→ **DATASET EXTRACT**:
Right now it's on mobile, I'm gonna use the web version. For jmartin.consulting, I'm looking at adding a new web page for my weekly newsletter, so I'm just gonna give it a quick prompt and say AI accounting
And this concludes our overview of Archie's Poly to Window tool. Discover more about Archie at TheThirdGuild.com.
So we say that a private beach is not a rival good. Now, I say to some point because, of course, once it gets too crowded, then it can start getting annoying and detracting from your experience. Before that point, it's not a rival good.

→ **EXERCISE AIM**: Could you set down exactly the lines above, from the one containing "And this concludes" through the last, including both and nothing else?

→ **OUTPUT BELOW**:
And this concludes our overview of Archie's Poly to Window tool. Discover more about Archie at TheThirdGuild.com.
So we say that a private beach is not a rival good. Now, I say to some point because, of course, once it gets too crowded, then it can start getting annoying and detracting from your experience. Before that point, it's not a rival good.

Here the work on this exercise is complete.